An exact copy is needed of the lines from the one that contains "Preview for 28" through the final line of the data below, with pictures left out.

Items listed in a dataset:
━━━━

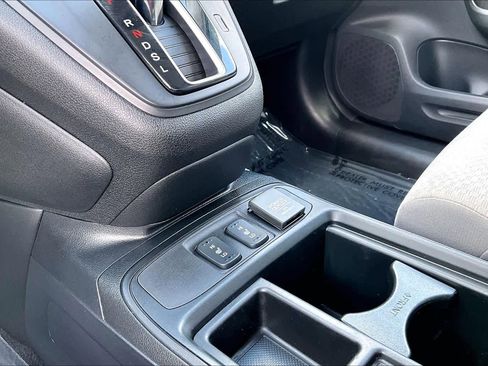Used 2016 Honda CR-V EX image 35
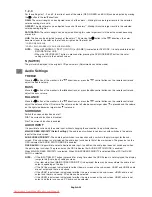 Preview for 28 page of NEC MultiSync 24WMGX3 User Manual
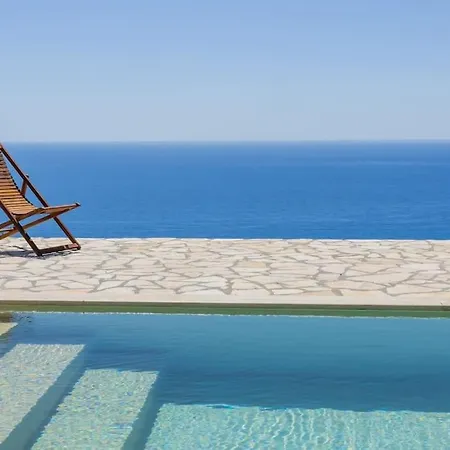 Skali Retreat فيلة *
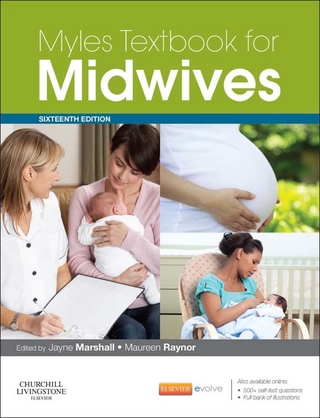 Myles' Textbook for Midwives E-Book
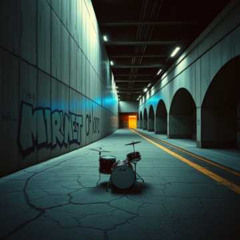 Concrete Jungle Stomp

━━━━

- SOLUTION FOR THIS PROBLEM:
 Preview for 28 page of NEC MultiSync 24WMGX3 User Manual
 Skali Retreat فيلة *
 Myles' Textbook for Midwives E-Book
 Concrete Jungle Stomp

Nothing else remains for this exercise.